Alors tout est critiquable. Certains préféreront les grosses
productions et les rendus techniques. Pas forcément au point de vue
philosophique, mais c’est ce qui les fera vibrer (s’il existe des fans de Dream
Theater abonnés à Abus Dangereux, vous devez être très malheureux les mecs).
Mais le propos de ces groupes de dumb rock ne l’est pas plus. Est-ce que
Chaplin est plus stupide que James Cameron juste parce qu’il bénéficiait de
moins de moyens techniques ? Mm.
Au final, c’est probablement la forme la plus aboutie de subversion.
Si on reporte ça à la vraie vie pourtant, le fait de sortir toujours le même
album correspond à un pavillon de banlieue, un CDI, un crédit pour la voiture
et trois enfants aux noms standards. La routine, le prévisible, donc l’ennui.
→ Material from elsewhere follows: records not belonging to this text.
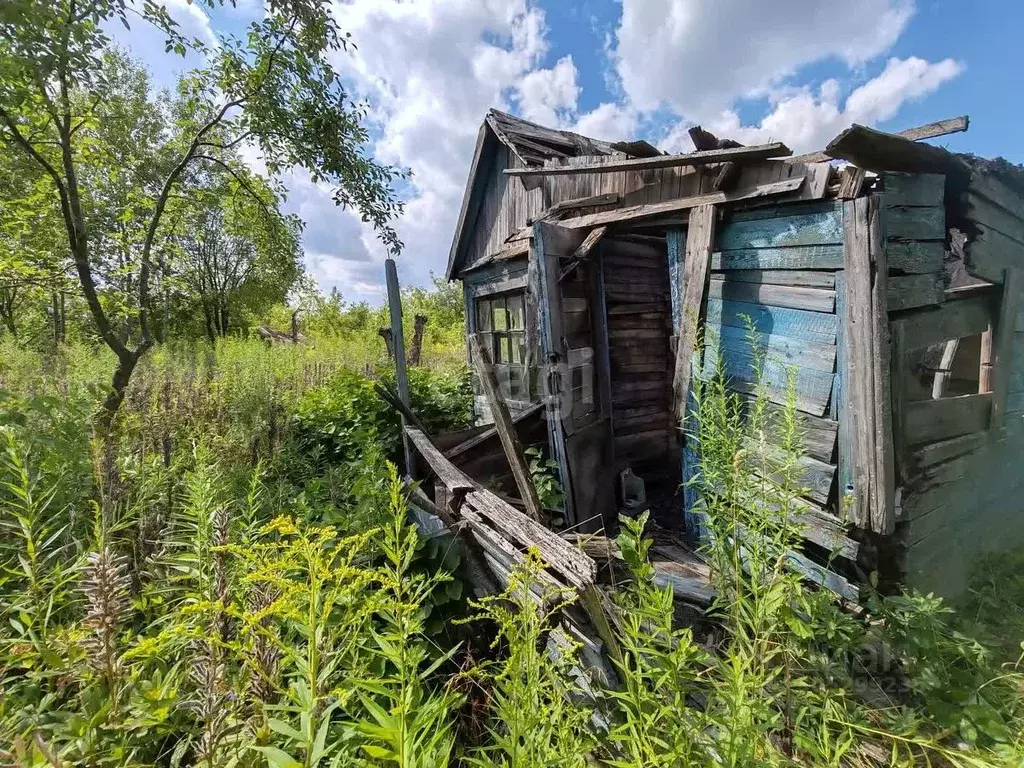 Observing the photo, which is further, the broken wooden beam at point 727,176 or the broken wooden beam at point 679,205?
the broken wooden beam at point 727,176

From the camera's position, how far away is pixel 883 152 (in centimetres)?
235

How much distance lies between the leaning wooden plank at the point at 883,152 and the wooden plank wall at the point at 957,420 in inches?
3.1

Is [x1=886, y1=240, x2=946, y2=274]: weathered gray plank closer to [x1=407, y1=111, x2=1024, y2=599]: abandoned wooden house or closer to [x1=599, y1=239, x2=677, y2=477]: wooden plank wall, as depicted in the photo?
[x1=407, y1=111, x2=1024, y2=599]: abandoned wooden house

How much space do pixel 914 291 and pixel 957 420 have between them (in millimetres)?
1134

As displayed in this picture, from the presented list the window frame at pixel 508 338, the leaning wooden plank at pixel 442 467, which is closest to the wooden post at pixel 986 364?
the leaning wooden plank at pixel 442 467

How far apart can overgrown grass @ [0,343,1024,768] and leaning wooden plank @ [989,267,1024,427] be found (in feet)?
4.41

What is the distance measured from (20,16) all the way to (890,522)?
229 inches

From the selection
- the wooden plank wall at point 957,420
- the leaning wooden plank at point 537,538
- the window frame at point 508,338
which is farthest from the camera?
the window frame at point 508,338

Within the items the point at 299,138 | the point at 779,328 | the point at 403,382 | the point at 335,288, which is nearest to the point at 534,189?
the point at 299,138

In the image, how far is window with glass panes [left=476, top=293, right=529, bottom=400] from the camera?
6.15 meters

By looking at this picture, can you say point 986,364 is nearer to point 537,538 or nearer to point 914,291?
point 914,291

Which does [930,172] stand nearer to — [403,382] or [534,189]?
[534,189]

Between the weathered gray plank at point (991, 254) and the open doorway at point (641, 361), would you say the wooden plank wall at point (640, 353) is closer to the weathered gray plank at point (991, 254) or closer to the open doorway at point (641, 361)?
the open doorway at point (641, 361)

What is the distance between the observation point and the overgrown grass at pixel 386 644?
988 mm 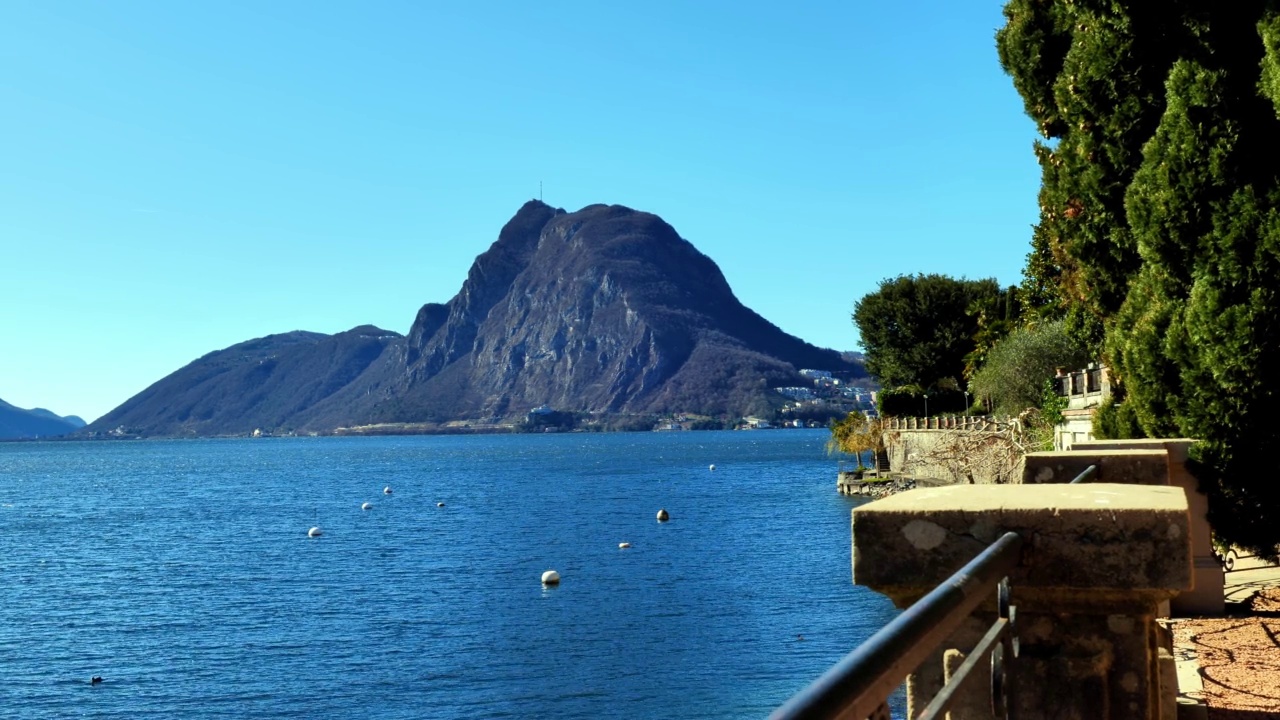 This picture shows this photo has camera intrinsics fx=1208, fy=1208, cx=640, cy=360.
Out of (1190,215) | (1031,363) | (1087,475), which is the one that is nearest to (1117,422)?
(1190,215)

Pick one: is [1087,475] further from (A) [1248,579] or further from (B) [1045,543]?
(A) [1248,579]

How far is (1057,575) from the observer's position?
3.40 meters

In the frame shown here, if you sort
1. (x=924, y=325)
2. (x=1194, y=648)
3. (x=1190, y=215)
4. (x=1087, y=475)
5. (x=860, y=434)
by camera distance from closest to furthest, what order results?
1. (x=1087, y=475)
2. (x=1194, y=648)
3. (x=1190, y=215)
4. (x=924, y=325)
5. (x=860, y=434)

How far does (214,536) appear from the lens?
61.2 meters

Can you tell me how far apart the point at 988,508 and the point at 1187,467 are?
7.85 metres

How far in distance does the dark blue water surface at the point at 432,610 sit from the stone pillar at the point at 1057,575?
1837 cm

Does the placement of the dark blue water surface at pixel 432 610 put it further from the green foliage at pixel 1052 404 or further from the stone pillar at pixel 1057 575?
the stone pillar at pixel 1057 575

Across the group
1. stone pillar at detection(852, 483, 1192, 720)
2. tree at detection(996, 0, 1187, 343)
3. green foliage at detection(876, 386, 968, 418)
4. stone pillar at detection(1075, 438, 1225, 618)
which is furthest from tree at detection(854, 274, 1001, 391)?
stone pillar at detection(852, 483, 1192, 720)

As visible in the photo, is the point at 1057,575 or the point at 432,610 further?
the point at 432,610

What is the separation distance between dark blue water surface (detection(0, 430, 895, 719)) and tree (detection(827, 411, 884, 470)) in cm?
384

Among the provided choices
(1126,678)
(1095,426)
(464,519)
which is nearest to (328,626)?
(1095,426)

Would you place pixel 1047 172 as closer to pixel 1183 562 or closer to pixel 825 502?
pixel 1183 562

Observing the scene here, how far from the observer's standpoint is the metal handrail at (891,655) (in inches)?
60.3

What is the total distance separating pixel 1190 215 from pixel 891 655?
9.90 meters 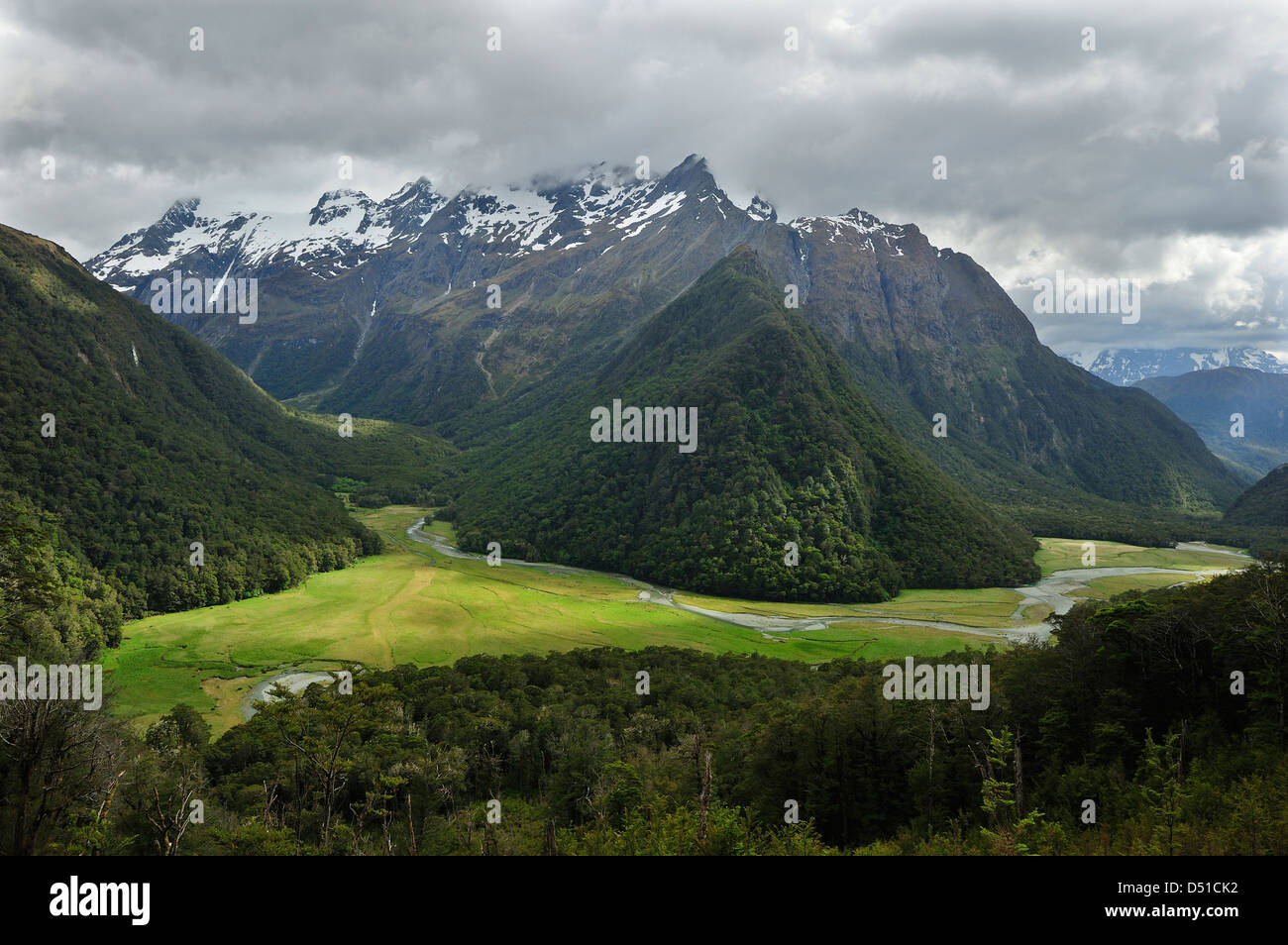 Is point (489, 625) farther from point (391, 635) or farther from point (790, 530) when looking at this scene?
point (790, 530)

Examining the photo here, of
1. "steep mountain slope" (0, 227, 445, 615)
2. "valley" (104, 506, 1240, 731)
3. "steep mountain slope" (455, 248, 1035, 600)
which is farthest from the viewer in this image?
"steep mountain slope" (455, 248, 1035, 600)

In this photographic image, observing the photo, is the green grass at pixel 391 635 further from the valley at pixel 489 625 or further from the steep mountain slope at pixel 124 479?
the steep mountain slope at pixel 124 479

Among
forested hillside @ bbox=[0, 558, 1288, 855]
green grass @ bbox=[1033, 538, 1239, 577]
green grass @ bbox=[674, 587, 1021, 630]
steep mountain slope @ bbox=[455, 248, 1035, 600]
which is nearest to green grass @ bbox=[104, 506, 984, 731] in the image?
green grass @ bbox=[674, 587, 1021, 630]

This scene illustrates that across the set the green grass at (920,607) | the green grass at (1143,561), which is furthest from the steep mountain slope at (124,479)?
the green grass at (1143,561)

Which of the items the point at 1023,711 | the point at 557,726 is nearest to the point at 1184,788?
the point at 1023,711

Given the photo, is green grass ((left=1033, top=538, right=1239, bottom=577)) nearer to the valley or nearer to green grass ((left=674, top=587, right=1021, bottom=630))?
the valley

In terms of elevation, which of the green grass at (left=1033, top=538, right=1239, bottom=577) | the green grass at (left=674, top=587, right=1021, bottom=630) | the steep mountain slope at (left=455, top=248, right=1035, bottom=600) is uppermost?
the steep mountain slope at (left=455, top=248, right=1035, bottom=600)

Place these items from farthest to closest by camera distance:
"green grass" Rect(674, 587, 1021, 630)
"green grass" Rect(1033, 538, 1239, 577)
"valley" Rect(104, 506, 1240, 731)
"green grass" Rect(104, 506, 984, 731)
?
"green grass" Rect(1033, 538, 1239, 577) → "green grass" Rect(674, 587, 1021, 630) → "valley" Rect(104, 506, 1240, 731) → "green grass" Rect(104, 506, 984, 731) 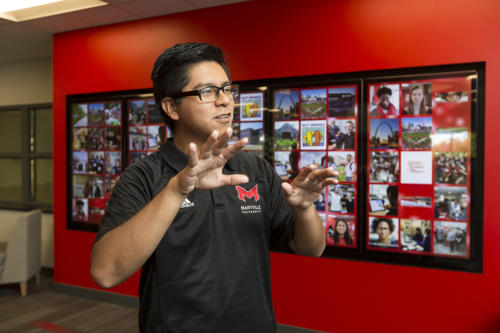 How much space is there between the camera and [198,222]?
116cm

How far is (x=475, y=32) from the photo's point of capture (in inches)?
109

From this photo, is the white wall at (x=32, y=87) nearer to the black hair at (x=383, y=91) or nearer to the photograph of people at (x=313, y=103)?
the photograph of people at (x=313, y=103)

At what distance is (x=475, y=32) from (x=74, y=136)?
387cm

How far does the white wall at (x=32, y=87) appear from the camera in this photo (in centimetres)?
543

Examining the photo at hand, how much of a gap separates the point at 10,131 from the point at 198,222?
5.97m

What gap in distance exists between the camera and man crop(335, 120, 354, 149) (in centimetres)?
313

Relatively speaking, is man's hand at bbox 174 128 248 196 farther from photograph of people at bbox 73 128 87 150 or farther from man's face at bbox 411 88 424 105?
photograph of people at bbox 73 128 87 150

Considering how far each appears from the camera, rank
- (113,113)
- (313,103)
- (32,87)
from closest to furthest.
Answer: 1. (313,103)
2. (113,113)
3. (32,87)

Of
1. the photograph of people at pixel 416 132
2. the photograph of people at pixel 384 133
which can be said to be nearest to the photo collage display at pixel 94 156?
the photograph of people at pixel 384 133

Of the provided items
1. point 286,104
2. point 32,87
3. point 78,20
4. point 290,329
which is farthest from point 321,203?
point 32,87

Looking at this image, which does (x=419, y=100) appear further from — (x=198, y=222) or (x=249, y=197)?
(x=198, y=222)

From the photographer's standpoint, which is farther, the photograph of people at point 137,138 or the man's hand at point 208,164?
the photograph of people at point 137,138

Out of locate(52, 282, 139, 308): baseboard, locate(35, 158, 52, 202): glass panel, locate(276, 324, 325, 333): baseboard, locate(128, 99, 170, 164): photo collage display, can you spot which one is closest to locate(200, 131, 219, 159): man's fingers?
locate(276, 324, 325, 333): baseboard

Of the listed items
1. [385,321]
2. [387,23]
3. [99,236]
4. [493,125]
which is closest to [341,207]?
[385,321]
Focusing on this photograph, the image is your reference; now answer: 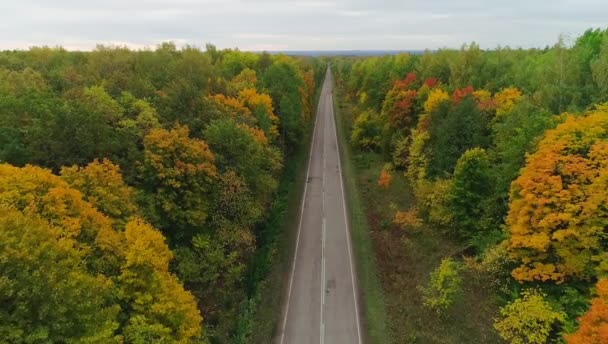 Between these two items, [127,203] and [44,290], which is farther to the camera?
[127,203]

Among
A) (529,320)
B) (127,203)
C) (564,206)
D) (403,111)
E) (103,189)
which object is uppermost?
(403,111)

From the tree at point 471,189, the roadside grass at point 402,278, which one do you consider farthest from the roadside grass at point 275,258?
the tree at point 471,189

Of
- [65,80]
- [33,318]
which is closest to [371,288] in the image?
[33,318]

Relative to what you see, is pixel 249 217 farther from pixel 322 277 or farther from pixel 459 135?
pixel 459 135

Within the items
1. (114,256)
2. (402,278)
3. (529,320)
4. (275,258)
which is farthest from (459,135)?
(114,256)

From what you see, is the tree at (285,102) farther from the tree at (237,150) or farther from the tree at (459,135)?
the tree at (459,135)

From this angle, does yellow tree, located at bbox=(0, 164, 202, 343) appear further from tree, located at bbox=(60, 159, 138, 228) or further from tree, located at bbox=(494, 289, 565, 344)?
tree, located at bbox=(494, 289, 565, 344) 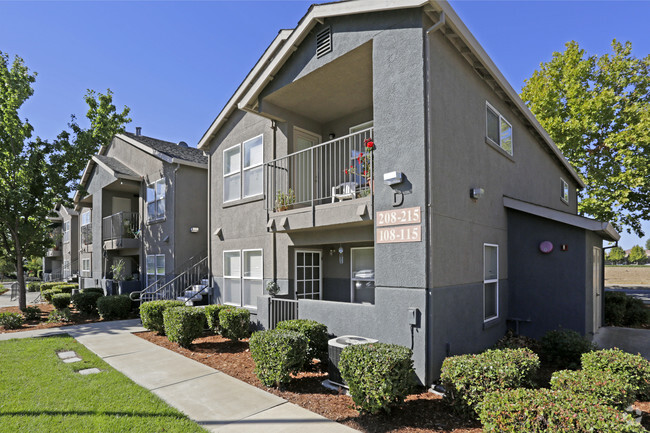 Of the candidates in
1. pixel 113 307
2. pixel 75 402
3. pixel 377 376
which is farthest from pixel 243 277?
pixel 377 376

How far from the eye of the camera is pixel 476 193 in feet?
25.1

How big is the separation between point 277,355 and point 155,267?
12.2 metres

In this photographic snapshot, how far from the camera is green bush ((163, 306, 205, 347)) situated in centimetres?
915

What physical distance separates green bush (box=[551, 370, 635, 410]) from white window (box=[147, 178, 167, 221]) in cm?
1513

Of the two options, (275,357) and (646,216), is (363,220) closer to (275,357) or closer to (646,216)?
(275,357)

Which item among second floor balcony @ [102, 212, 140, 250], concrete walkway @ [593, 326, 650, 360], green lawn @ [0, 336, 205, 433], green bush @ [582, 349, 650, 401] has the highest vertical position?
second floor balcony @ [102, 212, 140, 250]

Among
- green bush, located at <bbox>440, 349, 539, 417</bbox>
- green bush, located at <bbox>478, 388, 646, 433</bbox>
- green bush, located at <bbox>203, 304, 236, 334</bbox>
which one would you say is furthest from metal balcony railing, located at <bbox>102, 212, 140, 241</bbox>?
green bush, located at <bbox>478, 388, 646, 433</bbox>

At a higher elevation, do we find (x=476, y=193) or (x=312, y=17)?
(x=312, y=17)

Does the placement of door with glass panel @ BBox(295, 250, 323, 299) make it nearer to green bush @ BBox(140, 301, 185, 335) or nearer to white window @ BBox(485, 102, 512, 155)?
green bush @ BBox(140, 301, 185, 335)

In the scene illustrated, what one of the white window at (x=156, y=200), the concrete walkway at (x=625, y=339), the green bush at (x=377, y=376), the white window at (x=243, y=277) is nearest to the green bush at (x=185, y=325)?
the white window at (x=243, y=277)

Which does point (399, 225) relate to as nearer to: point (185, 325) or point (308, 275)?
point (308, 275)

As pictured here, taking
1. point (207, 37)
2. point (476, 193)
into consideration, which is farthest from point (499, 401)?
point (207, 37)

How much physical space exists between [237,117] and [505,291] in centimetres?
958

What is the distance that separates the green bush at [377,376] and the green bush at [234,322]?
15.1 feet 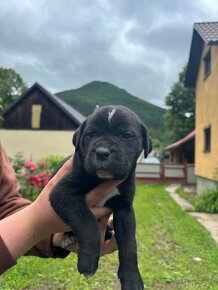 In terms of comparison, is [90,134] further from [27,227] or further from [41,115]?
[41,115]

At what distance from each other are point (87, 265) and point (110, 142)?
2.42 ft

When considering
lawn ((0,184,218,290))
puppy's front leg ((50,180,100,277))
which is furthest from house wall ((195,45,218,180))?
puppy's front leg ((50,180,100,277))

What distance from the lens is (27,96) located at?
32.5 metres

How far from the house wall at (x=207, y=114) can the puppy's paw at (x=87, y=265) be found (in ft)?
43.4

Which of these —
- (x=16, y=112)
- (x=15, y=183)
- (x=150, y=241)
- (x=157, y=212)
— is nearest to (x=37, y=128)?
(x=16, y=112)

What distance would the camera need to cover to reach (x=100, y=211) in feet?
8.55

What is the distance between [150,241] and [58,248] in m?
5.51

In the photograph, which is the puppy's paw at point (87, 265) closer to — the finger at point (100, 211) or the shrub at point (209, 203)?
the finger at point (100, 211)

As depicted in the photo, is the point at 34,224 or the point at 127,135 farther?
the point at 127,135

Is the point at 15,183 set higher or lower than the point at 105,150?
lower

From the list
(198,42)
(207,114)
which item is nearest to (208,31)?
(207,114)

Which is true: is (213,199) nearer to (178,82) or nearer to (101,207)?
(101,207)

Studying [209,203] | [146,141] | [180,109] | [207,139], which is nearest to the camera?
[146,141]

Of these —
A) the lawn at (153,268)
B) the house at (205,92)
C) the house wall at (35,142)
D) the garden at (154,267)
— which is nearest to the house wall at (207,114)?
the house at (205,92) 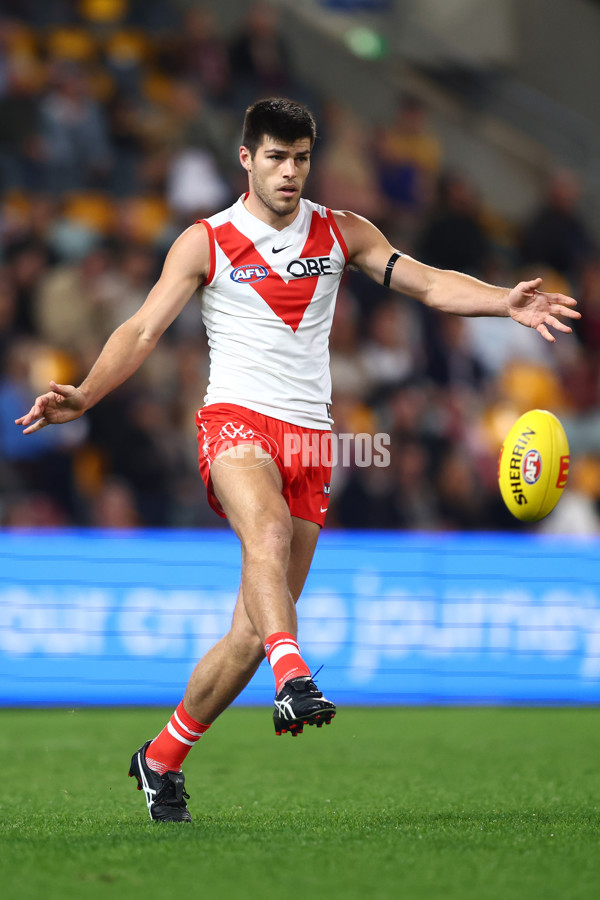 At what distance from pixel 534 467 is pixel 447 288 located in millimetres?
827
Ok. Et pourtant, de la façon la plus biaisée qui soit, le message est le même,
mais en cool : « toi aussi tu
peux le faire, kid. Pas besoin de chier du génie. » Ces groupes ont en
commun le fait de ne jamais avoir oublié la version d’eux-mêmes teenager qui
jouait dans le garage parental. Un genre de mélange de simplicité, spontanéité
et de foi inamovible. C’est en ça que c’est ironique la subversion, car il faut
souvent attendre la fin pour la voir. Quand les Ramones passent vingt ans à
jouer la même chanson, c’est en fait de l’intégrité et de la persévérance. Ils
croient en leur recette originale, pas de compromis ou d’adaptation en vue du
succès. On les méprise souvent en notant les 3 accords et le côté un peu
stupide du package, mais c’est un sacré travail de placer des influences des
girls bands 50s, l’identité NY et la culture pop en moins de deux minutes. Fu
Manchu fait encore ses démos sur un vieil enregistreur 4-pistes. Le batteur Scott Reeder
expliquait en 2010 : « si ça ne
sonne pas bien sous cette forme, ça ne va pas sonner parce que tu vas mettre
plus de … Ce que je veux dire, c’est qu’on fait peu d’arrangements après coup,
on ajoute peu de cuivres et d’artifices. Si ça fonctionne en lo-fi, ça veut
dire que ce sera bien meilleur en hi-fi. Si ça sonne moins bien, c’est que tu
as probablement un gros problème ». Motörhead a écrit Ace of Spades en dix minutes, paroles comprises. Nirvana a tué les
années 80 maximalistes sous trois accords cramés à la fuzz et une voix éraillée
qui s’est tenue très loin des cours de chant. Antoine de Saint-Exupéry résume
bien ce réflexe de l’épure : « dans
quelque domaine que ce soit, la perfection est enfin atteinte non pas lorsqu'il
n'y a plus rien à ajouter mais lorsqu'il n'y a plus rien à enlever ».
Ca fonctionne autant en football qu’en musique.